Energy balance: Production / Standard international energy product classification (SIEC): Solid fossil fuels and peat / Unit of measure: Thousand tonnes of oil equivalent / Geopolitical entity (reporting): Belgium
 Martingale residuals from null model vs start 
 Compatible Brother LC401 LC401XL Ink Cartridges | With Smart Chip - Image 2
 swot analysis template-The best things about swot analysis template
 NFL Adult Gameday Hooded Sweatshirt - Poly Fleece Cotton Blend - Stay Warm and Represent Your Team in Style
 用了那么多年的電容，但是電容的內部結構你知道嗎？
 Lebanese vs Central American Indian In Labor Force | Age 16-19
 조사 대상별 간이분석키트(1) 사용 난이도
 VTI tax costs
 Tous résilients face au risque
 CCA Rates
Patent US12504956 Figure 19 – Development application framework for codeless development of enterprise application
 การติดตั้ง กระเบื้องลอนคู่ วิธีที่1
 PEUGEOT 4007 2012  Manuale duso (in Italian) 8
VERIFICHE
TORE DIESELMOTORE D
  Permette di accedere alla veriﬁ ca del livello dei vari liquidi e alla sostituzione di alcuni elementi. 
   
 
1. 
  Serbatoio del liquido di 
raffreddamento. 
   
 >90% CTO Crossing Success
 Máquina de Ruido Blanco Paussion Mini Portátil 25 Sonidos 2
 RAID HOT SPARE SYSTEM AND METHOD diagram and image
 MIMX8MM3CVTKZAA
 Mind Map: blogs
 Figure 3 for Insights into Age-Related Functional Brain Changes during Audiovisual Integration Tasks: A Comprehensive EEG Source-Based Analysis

++++

### Task prompt
When copying the data above, please keep exactly the lines from its first line through the line with "swot analysis template-The", both ends included, and drop the rest.

### Task result
Energy balance: Production / Standard international energy product classification (SIEC): Solid fossil fuels and peat / Unit of measure: Thousand tonnes of oil equivalent / Geopolitical entity (reporting): Belgium
 Martingale residuals from null model vs start 
 Compatible Brother LC401 LC401XL Ink Cartridges | With Smart Chip - Image 2
 swot analysis template-The best things about swot analysis template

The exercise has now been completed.